Huntington’s disease is a rare genetic health problem that can lead to fatal consequences with the breakdown of nerve cells in the brain. It causes deterioration of a person’s mental and physical abilities during the prime years, and unfortunately, it has no cure. The condition is regarded as a quintessential family ailment because every child with an affected parent has about 50 percent chance of carrying the gene responsible for the disease. In the present scenario, there are about 30,000 individuals in America carrying the symptoms and over 200,000 people at a risk of inheriting the disease. Many experts believe that the symptoms of this disease are similar to Parkinson’s and Alzheimer’s at the same time.
The symptoms of the illness occur between the age of 30 and 50, and it becomes worse within 10 to 15 years. With the passage of time, the affected person succumbs to pneumonia and other health complications. It is crucial to mention here that all human beings possess the genes that can cause this disease but only those people who inherit the expansion of the gene will be affected. This way, any person who inherits this expanded gene will slowly develop the disease. Over time, the person may lose their ability to walk, talk and think coherently.
Those individuals who are at a higher risk of developing the condition may also experience excessive stress stemming from uncertainty. A lack of knowledge about this disease often contributes to the lack of emotional and moral support to the affected individual and his family, leading to unnecessary isolation. Thankfully, the Huntington’s Disease Society of America executes a network all over the nation offering help and support for people suffering from the disease along with their families. But it is important to note that this illness can affect both sexes and anyone from any race or ethnicity around the globe.
What are the symptoms of Huntington’s disease?
• Change in personality including mood swings and frequent bouts of depression.
• Forgetfulness and impairment of reasoning abilities and judgment.
• Unsteady gait and involuntary movements of the muscles.
• Slurred speech, difficulty in swallowing, and a significant loss of weight without any reason.

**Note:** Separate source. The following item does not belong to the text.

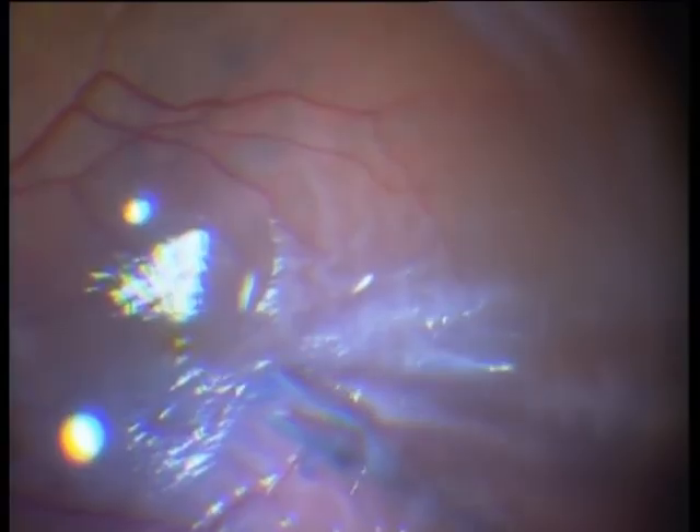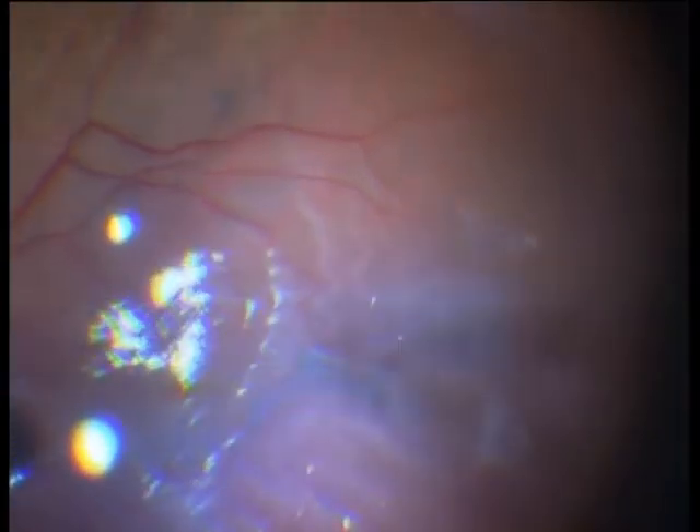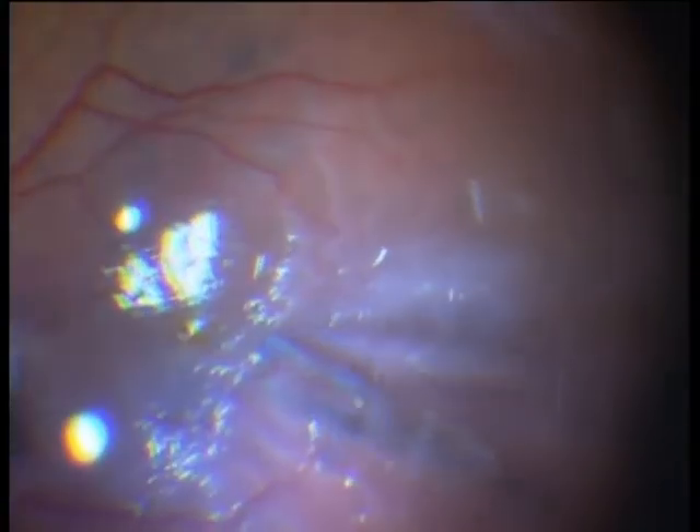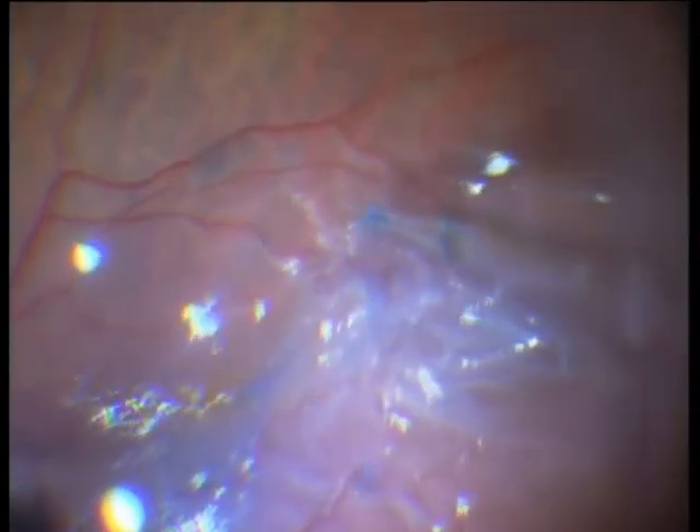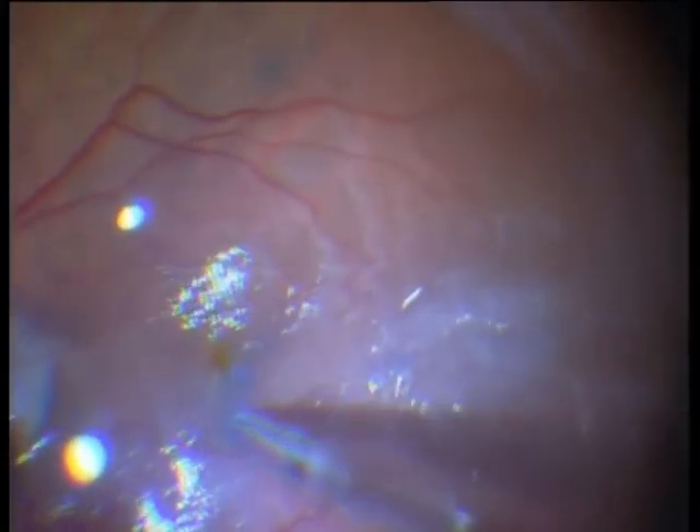Peeling under perfluorocarbon is more difficult than without, because visualization is worse and because the perfluorocarbon presses the membranes onto the retina — so you have no elevated parts of the membrane. It is a very, very adherent membrane. I am even using now a light pipe in the left hand to improve visualization of this membrane.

Huntington’s disease affects all parts of the brain, but some parts may become more vulnerable than others. There are numerous stages of the disease, and even though the symptoms can vary from one person to another, the progression of this ailment can be divided into three primary stages.
- Early stage: The first stages of the disease begin with some a subtle change in coordination along with some involuntary movements. It also includes difficulty in thinking and irritability of mood. Sometimes, medications are effective in alleviating depression as well as other emotional issues. The impact of Huntington’s disease may make the person incapable of working at a common level and less functional in their day to day activities.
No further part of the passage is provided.